> _Problem requirements_: With pictures excluded, copy word for word the lines in the data below from the line containing "COMBO 16 MẶT" through the line containing "DIGOLDY 64GB microSDXC".

> _Data shown_:
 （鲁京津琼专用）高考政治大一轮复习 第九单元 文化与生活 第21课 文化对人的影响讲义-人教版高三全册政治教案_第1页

--

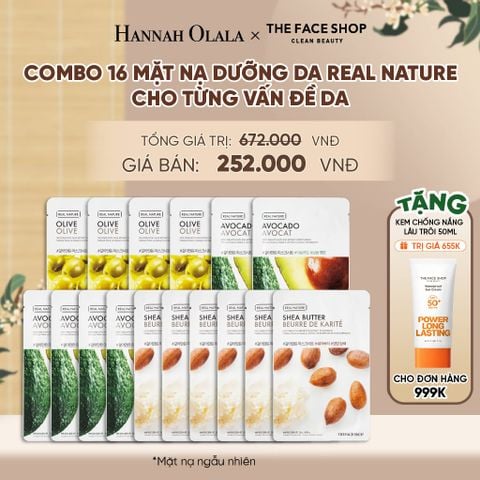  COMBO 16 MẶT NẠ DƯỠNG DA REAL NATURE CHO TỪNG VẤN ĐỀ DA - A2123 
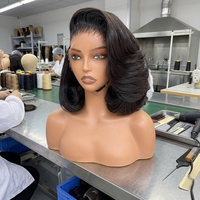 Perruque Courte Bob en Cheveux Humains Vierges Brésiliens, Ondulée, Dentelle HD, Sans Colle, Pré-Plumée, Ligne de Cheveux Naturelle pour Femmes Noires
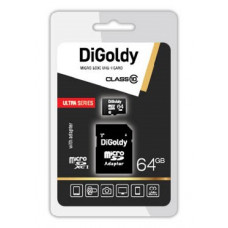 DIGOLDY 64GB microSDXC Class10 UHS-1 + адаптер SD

> _Response to this exercise_:
  COMBO 16 MẶT NẠ DƯỠNG DA REAL NATURE CHO TỪNG VẤN ĐỀ DA - A2123 
 Perruque Courte Bob en Cheveux Humains Vierges Brésiliens, Ondulée, Dentelle HD, Sans Colle, Pré-Plumée, Ligne de Cheveux Naturelle pour Femmes Noires
 DIGOLDY 64GB microSDXC Class10 UHS-1 + адаптер SD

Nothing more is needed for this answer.